I have enjoyed working at The Nest and being around the students because I recall what it was like to be a newcomer to the country and being put into a public school system while speaking no English. When I first arrived in America, I spent a year in public school, and no one bothered to make sure I understood what was going on or even acknowledged my existence. I went to my lessons and sat in the corner reading a French and English dictionary. I was lucky enough to receive a scholarship from a family friend to attend a private school where I spent my days learning 1st-5th grade subjects with one teacher or volunteers. Because of their encouragement and assistance, I was able to earn and be part of the AB junior honors society throughout middle school and graduate high school with a 3.9 GPA. The students here will be able to succeed and be some of the first in their family to graduate thanks to the work of the Nest Academy. I am confident that these students are receiving the personal attention they require to achieve, and I am grateful to have been a part of it!
My name is Elodie Deneassembaye, and I am a junior at Queens University of Charlotte majoring in Human Service Studies with a French minor. This semester I have had the privilege of interning with The Nest Academy!

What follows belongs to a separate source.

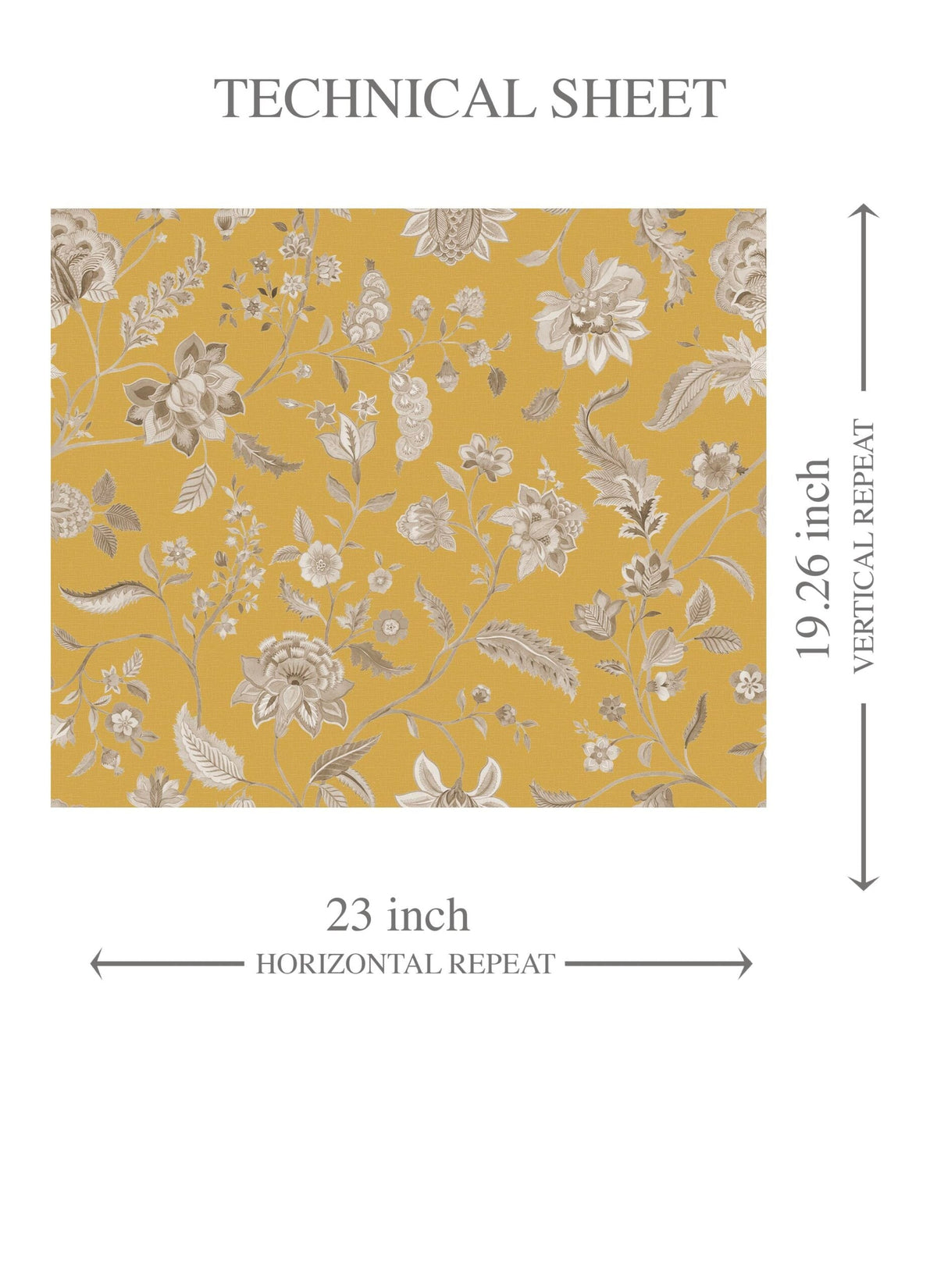 Floral Botanical Patterned Kids Room Wallpaper Sample (Yellow/ Beige)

Part of the reason The Nest resonates with me so strongly is my own personal story. I was born in Chad, but raised in Cameroon until I became a refugee and moved to the United States of America in 2010. Due to the civil war in Chad, I had to flee to Cameroon, where my mother’s parents had found safety. My mother, siblings, and I had to walk to Cameroon, leaving my father behind, as we had no idea if he was even still alive. When I was in Cameroon, I had to assist my mother in raising my siblings by selling food or begging on the street for money so that my family and I could eat and pay for our education. Things were difficult, but I never gave up because I promised my mother when I was three years old that I would go to school and receive an education that no one in my family had received before. Females, in particular, were not educated in my family because it was presumed that they would stay at home, have children, and take care of the house. My mother worked hard to ensure that I would be the first woman in fmaily history to go to school and the first generation to complete a college education. My mother, as a refugee in Cameroon, made it a point to ask for us to be relocated so that my siblings and I might have a better education and future. We then moved to America, where we didn’t speak the language.